## EXERCISE DIRECTIONS
Repeat what the lines below say, word for word, and skip every image.
----- THE DATA
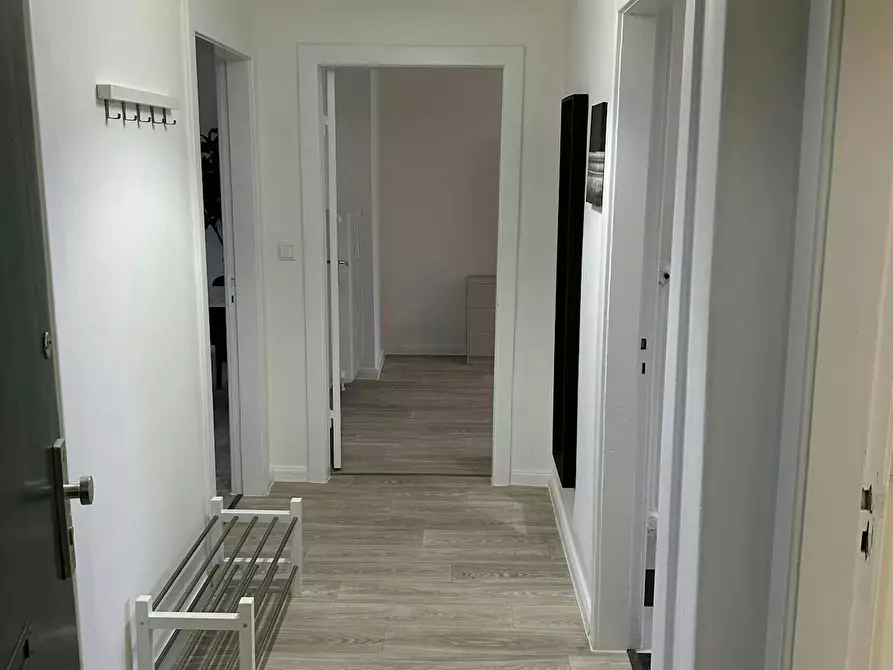 Immagine 7 di Appartamento in affitto  in Brandshofer Deich a Hamburg Rothenburgsort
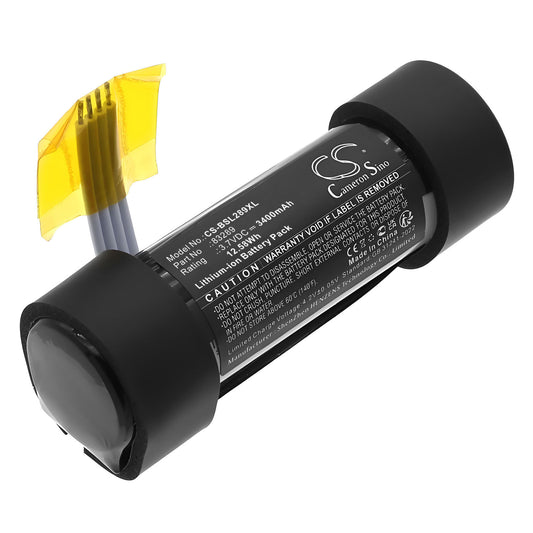 CS-BSL289XL Replacement Battery – Compatible with SoundLink Flex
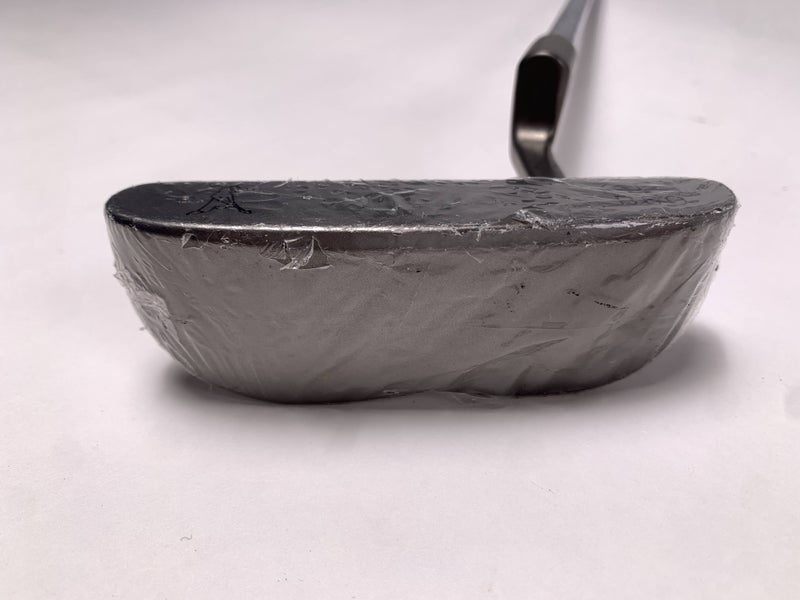 Ping Karsten B60 Remake Putter 33.5" Black Dot Mens RH NEW
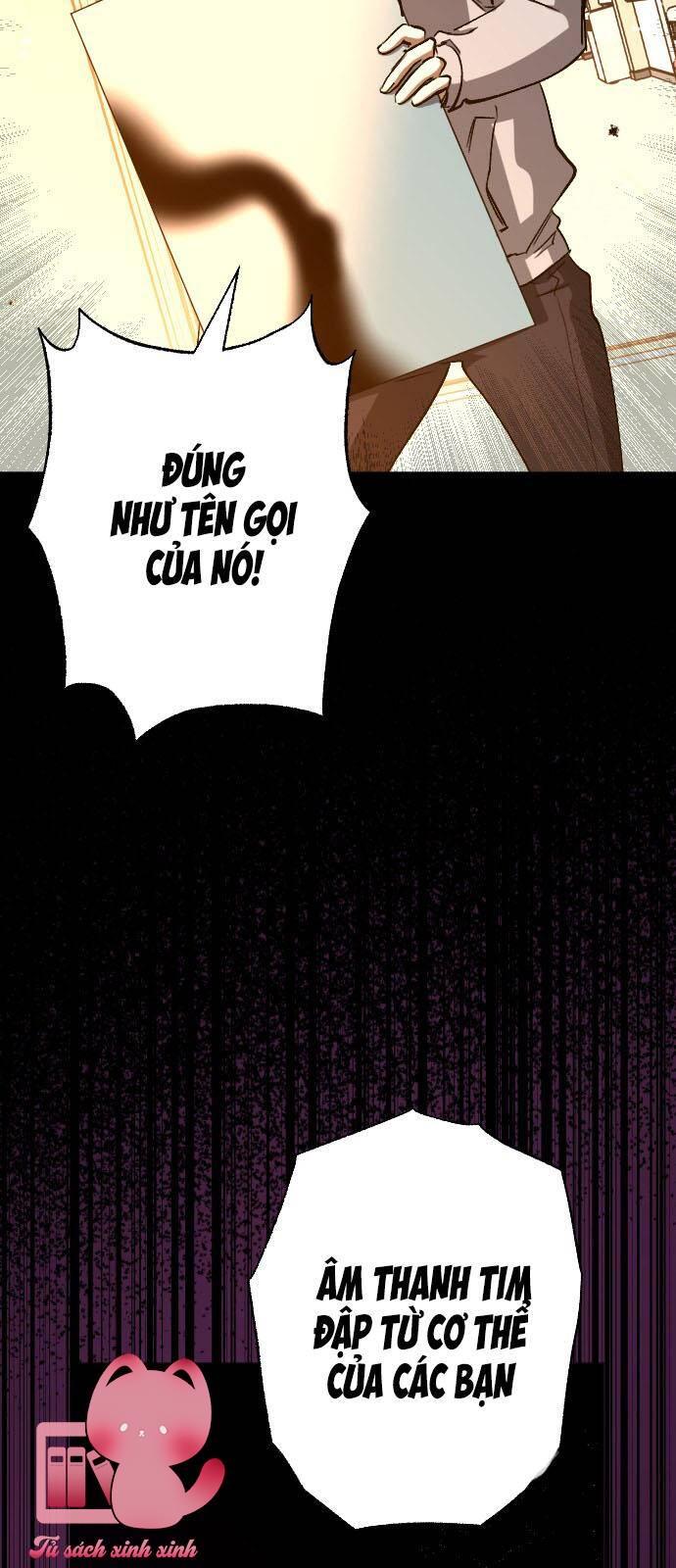 Đêm Của Bóng Tối - Chap 6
----------
## EXPECTED ANSWER
 Immagine 7 di Appartamento in affitto  in Brandshofer Deich a Hamburg Rothenburgsort
 CS-BSL289XL Replacement Battery – Compatible with SoundLink Flex
 Ping Karsten B60 Remake Putter 33.5" Black Dot Mens RH NEW
 Đêm Của Bóng Tối - Chap 6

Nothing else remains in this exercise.